Когда мы подошли ближе к нашему наблюдательному пункту, стрельба, очень сильная с утра, затихла, а когда мы добрались до высокой, крутой вершины, повсюду царила полная тишина. Некоторые [52] думали, что сражение окончено и осматривали через подзорные трубы всю линию фортов в надежде отыскать белый флаг сдачи, который, по их убеждению, должен был где-нибудь развиваться, но скоро их сомнения рассеялись.

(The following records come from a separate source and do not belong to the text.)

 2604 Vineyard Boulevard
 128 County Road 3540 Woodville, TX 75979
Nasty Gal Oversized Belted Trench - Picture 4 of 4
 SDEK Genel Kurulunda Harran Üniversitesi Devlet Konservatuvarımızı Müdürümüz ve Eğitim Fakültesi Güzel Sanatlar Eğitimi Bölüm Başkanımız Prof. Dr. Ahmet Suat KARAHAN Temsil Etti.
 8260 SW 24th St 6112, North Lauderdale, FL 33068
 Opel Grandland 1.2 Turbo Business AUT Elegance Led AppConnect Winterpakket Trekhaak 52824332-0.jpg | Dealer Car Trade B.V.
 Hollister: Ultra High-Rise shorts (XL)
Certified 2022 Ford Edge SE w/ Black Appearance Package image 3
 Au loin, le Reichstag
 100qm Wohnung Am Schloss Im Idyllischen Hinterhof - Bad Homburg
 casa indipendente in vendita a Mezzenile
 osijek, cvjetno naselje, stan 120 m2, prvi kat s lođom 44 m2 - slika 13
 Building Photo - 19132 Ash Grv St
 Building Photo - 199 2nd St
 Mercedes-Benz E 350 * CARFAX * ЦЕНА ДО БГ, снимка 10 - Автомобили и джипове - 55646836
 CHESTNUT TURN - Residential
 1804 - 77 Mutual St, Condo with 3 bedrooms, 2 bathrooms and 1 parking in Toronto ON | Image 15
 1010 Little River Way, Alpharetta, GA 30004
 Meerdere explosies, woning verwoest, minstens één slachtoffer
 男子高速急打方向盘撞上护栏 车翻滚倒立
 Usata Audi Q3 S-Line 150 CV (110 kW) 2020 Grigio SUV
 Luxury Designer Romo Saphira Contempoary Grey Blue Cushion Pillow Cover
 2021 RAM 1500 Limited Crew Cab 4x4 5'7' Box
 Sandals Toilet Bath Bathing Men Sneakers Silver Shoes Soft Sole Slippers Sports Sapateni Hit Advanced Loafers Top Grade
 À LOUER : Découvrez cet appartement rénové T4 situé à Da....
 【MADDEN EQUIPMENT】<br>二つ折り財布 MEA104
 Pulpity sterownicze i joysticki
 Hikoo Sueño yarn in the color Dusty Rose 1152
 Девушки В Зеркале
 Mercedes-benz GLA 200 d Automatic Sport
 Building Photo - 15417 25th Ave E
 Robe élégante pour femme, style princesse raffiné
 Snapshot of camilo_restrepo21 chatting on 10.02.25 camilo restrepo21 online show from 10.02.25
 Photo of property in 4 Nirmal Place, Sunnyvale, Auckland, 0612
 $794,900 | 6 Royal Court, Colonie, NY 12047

Внезапно где-то в центре японских линий раздался выстрел большого орудия, затем послышался свист снаряда, рассекавшего воздух и загремело эхо в горах. Несколько секунд спустя было видно, как поднялось облако белого дыма и рыжевато-серой пыли перед одним из русских передовых фортов, где разорвался снаряд. Очевидно это был сигнал. Его заметили на всех батареях. Загрохотали большие морские и осадные пушки, откликнулись на призыв гаубицы отрывистым, громким, сердитым лаем, а сотня полевых орудий звенела, усиливая еще более грохот. Тишина прекрасного летнего дня нарушилась. Снаряды всех калибров летали по воздуху. Громкие раскаты орудийной стрельбы разносились далеко, встречались, перекрещивались друг с другом, смешивались со звуками разрывающихся снарядов и эхом в горах и сливались в один оглушительный, ужасный стон. На русских оборонительных линиях и вокруг них поднимались клубы дыма и облака пыли в местах, где рвались снаряды и по временам они лились таким густым ливнем, что казалось страшная буря с градом разразилась над фортами. Неумолкаемо от зари до глубокой ночи продолжалась неутомимая, беспощадная стрельба. Самый сильный огонь был сосредоточен на фортах Панлунга и Северного Киквана прямо против нас. Мы буквально видели как разрушались их валы. Мало по малу исчезли прямые линии и острые углы, форты постепенно превращались в огромные, бесформенные груды развалин грязного цвета, а гласисы и склоны высот стали похожи на кроличий садок. [53]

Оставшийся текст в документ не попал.